My personal experience is, that many people struggle with the in-flight window concept so it would be great to give developers examples how to throttle clients by utiliizing the in-flight window on the client side. If there is a document / wiki page with an concrete example I could point interested people to, that would help at least me a lot.

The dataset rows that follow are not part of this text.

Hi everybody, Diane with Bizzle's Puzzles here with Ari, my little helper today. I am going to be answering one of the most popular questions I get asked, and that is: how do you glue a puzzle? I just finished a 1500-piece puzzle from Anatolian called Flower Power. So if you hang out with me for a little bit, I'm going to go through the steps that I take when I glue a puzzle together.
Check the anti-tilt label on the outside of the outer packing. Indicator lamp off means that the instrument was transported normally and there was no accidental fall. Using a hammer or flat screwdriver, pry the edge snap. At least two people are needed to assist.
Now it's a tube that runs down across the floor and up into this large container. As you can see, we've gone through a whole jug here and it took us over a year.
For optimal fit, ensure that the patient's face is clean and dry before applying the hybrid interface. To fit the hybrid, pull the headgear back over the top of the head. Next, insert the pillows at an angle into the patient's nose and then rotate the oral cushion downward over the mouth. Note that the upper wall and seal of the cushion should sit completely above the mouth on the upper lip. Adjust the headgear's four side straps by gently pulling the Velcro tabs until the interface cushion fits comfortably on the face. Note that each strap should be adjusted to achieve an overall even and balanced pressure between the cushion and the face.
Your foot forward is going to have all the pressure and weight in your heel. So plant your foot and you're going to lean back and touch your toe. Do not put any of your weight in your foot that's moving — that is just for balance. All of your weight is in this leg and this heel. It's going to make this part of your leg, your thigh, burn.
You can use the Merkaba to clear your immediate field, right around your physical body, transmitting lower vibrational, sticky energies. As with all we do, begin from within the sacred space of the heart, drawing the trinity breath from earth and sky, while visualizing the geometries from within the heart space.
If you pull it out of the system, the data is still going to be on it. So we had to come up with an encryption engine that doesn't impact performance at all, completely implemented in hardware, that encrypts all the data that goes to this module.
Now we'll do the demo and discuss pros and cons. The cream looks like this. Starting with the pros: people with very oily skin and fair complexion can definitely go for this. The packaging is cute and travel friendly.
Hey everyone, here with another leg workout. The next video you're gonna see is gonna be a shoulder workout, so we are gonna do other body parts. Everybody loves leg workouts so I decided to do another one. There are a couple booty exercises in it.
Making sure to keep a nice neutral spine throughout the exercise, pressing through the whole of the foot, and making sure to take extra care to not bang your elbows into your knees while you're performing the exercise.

Thanks for your insights on this topic, I am sure a lot of people reading this mailing list thread can profit from the discussion!
Best, Dominik
On 18 Sep 2015 at 11:42:57, Ian Craggs (icraggs@xxxxxxxxxxxxxxxxxxxxxxx) wrote:
Hi Dominik,
if it works, I can envisage throttling definitely being
useful. I am wondering if anyone has practical experience of
using this feature, because it strikes me that it might be
difficult to choose a suitable read or write rate. Is
there an example of a problem that has been solved with this
approach, and how was the best rate selected?
Where an inflight window is used, that is generally for outbound
messages, although some client libraries do that for inbound
messages too. If you use an asynchronous API with
notifications, like the asynchronous C or Python libraries, the
application can largely be in control of the sending and receiving
of messages and acks, and so apply a degree of throttling itself,
and in a natural way for the application.
Ian
On 09/17/2015 07:51 PM, Dominik
Obermaier wrote:
Hi Ian,
thanks for bringing the topic to attention. Since I’m involved in
this blog series I’m very glad for the feedback and this must
indeed be clarified since your point of view on throttling is also
valid.
The idea for adding throttling was inspired by the fusesource
mqtt-client. I’ll copy the relevant part of their documentation
below:
-
setMaxReadRate : Sets the maximum bytes per second that
this transport will receive data at. This setting throttles reads
so that the rate is not exceeded. Defaults to 0 which disables
throttling.
-
setMaxWriteRate : Sets the maximum bytes per second
that this transport will send data at. This setting throttles
writes so that the rate is not exceeded. Defaults to 0 which
disables throttling.
So the idea is to limit the maximum bytes for reading and writing
operations on the client side. With that options it’s possible to
guard the client from receiving more messages than it can handle
(you can try it out with high-throughput public brokers and
subscribe to ‘#’). This of course adds backpressure on the broker
and this will probably result in load shedding for the subscriber
if the broker supports that. This option is also very useful if you
are on constrained devices with very limited memory.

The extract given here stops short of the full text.